METALCİ BİR GÜN

11899843_10150564023589975_2532099383742493264_n

Bence metalci kimdir, biliyor musunuz, bence metalci, Aksaray esnafına karşı kendini savunduktan sonra Kuveyt büyükelçisi bodyguard’ı olmasını istediği zaman “hayatta hiç kimsenin hesabına çalışmam” diyen o turisttir. Metal, hepimizin eşşekler gibi başkasının hesabına çalıştığımız şu dünyada, kimse hesabına çalışmama ihtimalimizi canlı tutmak için dinlediğimiz ilahidir.

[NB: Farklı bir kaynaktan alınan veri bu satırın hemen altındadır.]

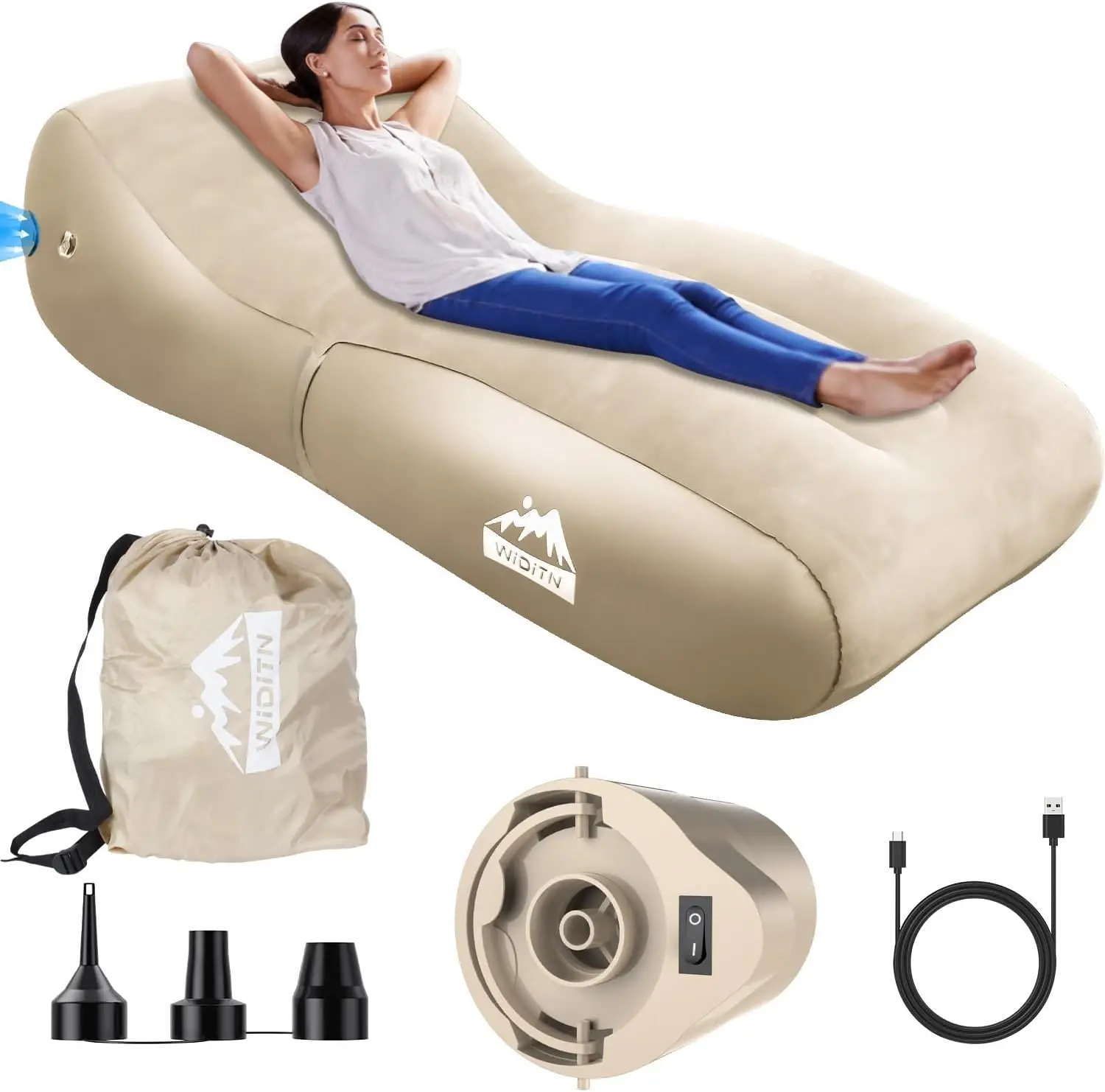 

Luxury Inflatable Lounger Ultra-Wide 35.4 ”, Self Inflatable Couch With Built-In Pump, Comfortable Top Surface Camping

Dorock’ta Laila-Reina Keyfi

Geçen gün, çeşitli vesilelerle Pentagram konserine gittim: Bir grup sevdiğim insanın metal ile ilgilenmesinin gazına geldim, yoksa ekstrem işler ve son turlarını yapan ihtiyarlara dışında metal konserlerine gittiğim pek yok. Ancak, sevdiğim insanlar metal ile ilgileniyorsa, onlara destek olmalıyım, Pentagram iyi bir başlangıçtır ve metal dinlemek, iyidir. Ancak bir sürpriz beni bekliyordu: Kapıda öncelikle konsere gelip gelmediğim soruldu, konsere de gireceğimi, önce içeri girmek istediğimi söyledim. Onun üzerine bana dışarda yardımcı olacaklarını belirtti. Orada, iyi de, içerde arkadaşlarım var dedim. Arkadaşlarımı aramam, onların beni kapıdan alması rica edildi: Çok tatlı, değil mi? İyi vergi veren, hijyenine dikkat eden, hatta kısa saçlı, çalışkan bir yurttaş olmama rağmen, kapıda kalmıştım. Heavy metal sayesinde kapıda kalma deneyimini yaşamak için Layla’ya Reina’ya gitmeye gerek yok. Metalcilik sınıf atlamış.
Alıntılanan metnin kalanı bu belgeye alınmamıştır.